I missed most of this set (only hearing three songs) but loved it. These Speyside guys, Gordon James and The Power didn’t have far to travel to perform in the sunshine and anyone that can pull off Jungle Book’s Bare Necessities at the end of a set is worth checking out.
Ten out of ten for the guys of The Captain’s Beard for THE most energetic set I had seen all weekend. I just happened to be passing the Grassroots stage whilst these likely lads from Brighton were given it laldy. Rousing songs about drinking and even hangovers, these sea shanties were perfect to shake your tail feather to.
On one stage during Thursday night I found some traditional Scottish music, accompanied by an impromptu Gay Gordons and a rather enthusiastic Strip the Willow (is there another other kind?).
Then there was the big name everyone was talking about, Scotland’s newest golden baws, Lewis Capaldi. The boy next door that melted our hearts with the video to Someone you love (if you haven’t seen it, don’t watch it on the train in a public place because it will reduce you to tears). He wasn’t billed as the headline act but I think he pulled in a huge crowd. People setting up camp HOURS before he was due on stage so they could say they were there that time Lewis Capaldi played Belladrum festival.
I actually decided to leave after seeing Lewis play on Saturday night and drive back home to Perth. Thus avoiding the rush to pack away and get off-site on Sunday morning.

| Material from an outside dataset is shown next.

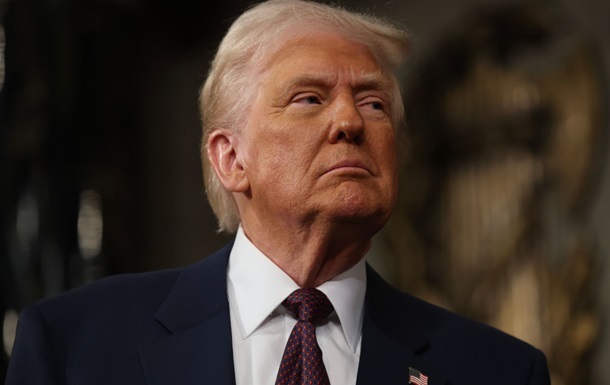 Трамп назвав Байдена "деструктивним дебілом" у Великодньому привітанні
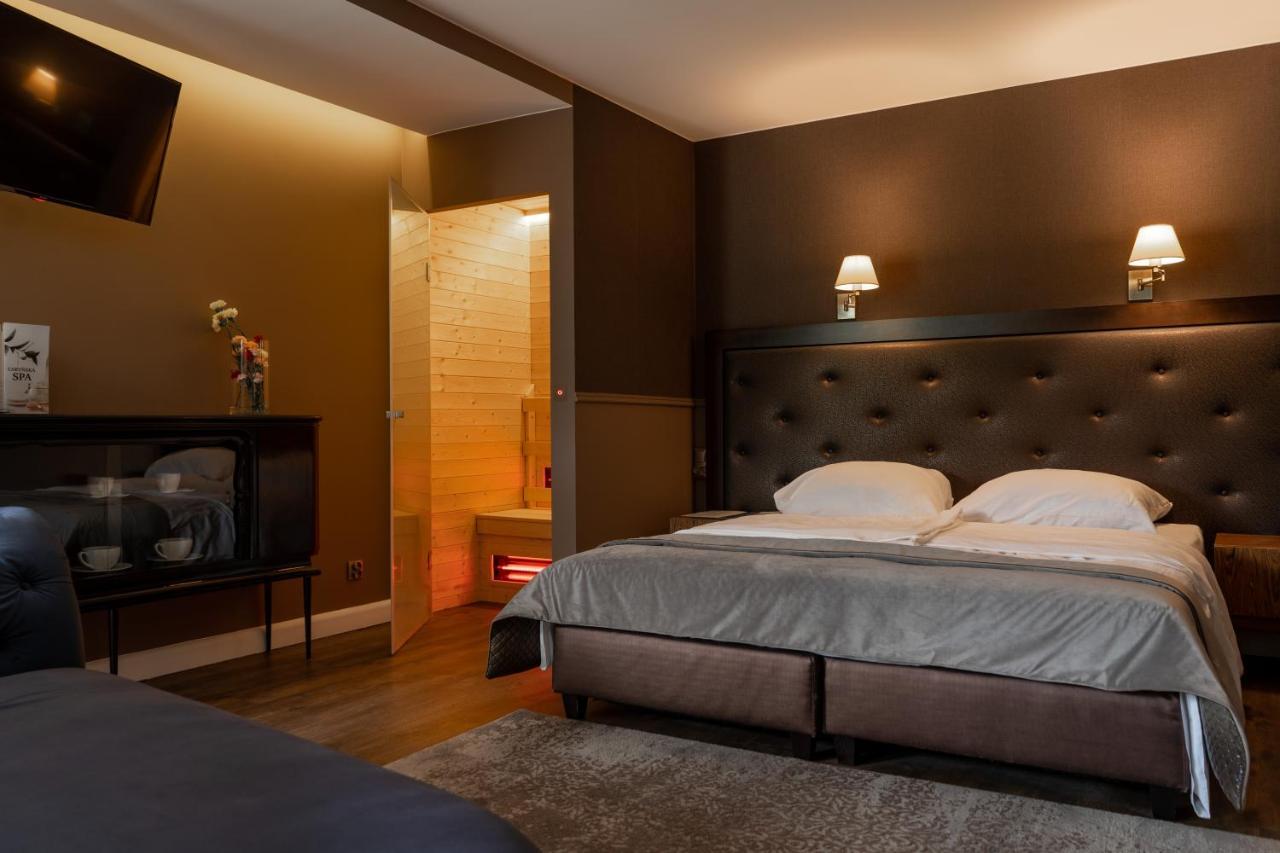 Carynska Resort & Spa Lutowiska Eksteriør bilde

Also avoiding seeing the
potential, inevitable waste left behind, including tents.
The festival itself does what it can to ensure no tents in perfectly good order goes to waste and so they are sent off to various charities.
Fear not though, because the Naked Highlander has got this all wrapped up!
Those that are no longer worthy of their original purpose (broken poles or small tears etc) are transformed into a line called Good inTentions. Paired with the beautiful colours of Belladrum tartan offcuts all the capes are unique.
I love it and couldn’t resist seeing what I would look like in one of the bright orange capes. What do you think?
I mean, seriously, this festival is incredible. Yes, yes, I know I have nothing to compare it to. I know the weather helps to enhance the experience but this level of laid back, friendly, slight craziness is a beautiful thing. It felt like re-uniting with an old friend. Belladrum, the festival with a big heart and I can’t wait to go back.